Pertanyaan ini sebenarnya sukar dijawab, tetapi dapat dikemukakan sebuah
kriteria kebenaran, yaitu eviden. Suatu pendapat menunjukkan eviden, apabila
kebenaran terhadap pengetahuan, mau tidak mau harus kita akui. Mau tidak mau,
kebenaran terhadap pengetahuan harus berdasar pada keyakinan yang menjadi pokok
pikiran atau berdasarkan pertimbangan “seandainya hal itu benar”. Inilah
permulaan atau tumpuan pengetahuan yang tidak kita kenal dengan nama asumsi
atau postulat.
Sebagaimana
telah kita ketahui, sepanjang kebenaran terhadap pengetahuan berdasar pada
kemampuan akal manusia, pengetahuan tidak akan mencapai kebenaran mutlak. Oleh
karena itu, pengetahuan tidak akan dan tidak mungkin menetap. Pengetahuan
senantiasa menjadi, dan selalu berada dalam proses.
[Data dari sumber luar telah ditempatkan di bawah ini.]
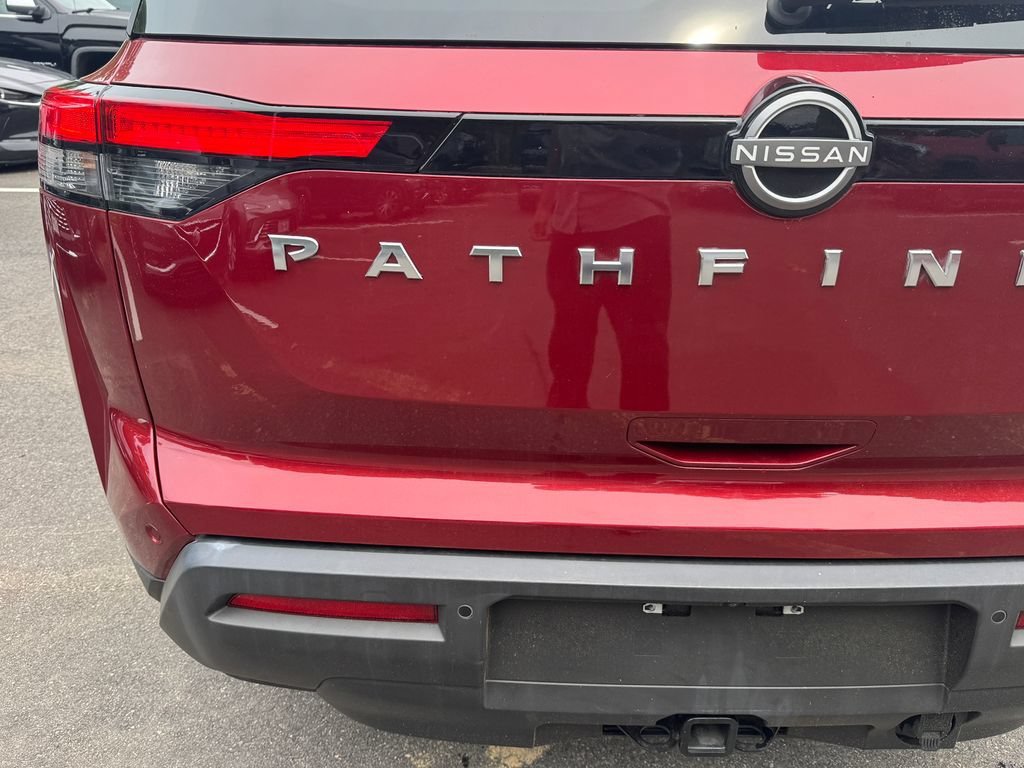 2024 Nissan Pathfinder SV - Photo 40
Pengetahuan bertambah dari
waktu ke waktu, sejalan dengan keterbukaan seseorang terhadap informasi baru
dan kesediaan seseorang untuk mengolahnya. Dengan perkataan lain, sejalan
dengan keterbukaan atau kesediaan subjek atas stimulus objek.
Daerah
yang semula tidak diketahui akan menjadi diketahui yang semula hanya mengenai
bagian luar suatu daerah akan berkembang menjadi lebih mendalam. Perkembangan
itu terjadi melalui proses pertanyaan berdasarkan keheranan seseorang atas
segala hal yang baru dilihatnya. Boleh jadi, hal yang biasa dilihatnya suatu
saat akan bertambah.
Berdasarkan
hal tersebut, seseorang dihadapkan oleh daerah yang tidak diketahuinya dan
susunan keseluruhan yang tidak diketahuinya tidak akan menimbulkan persoalan.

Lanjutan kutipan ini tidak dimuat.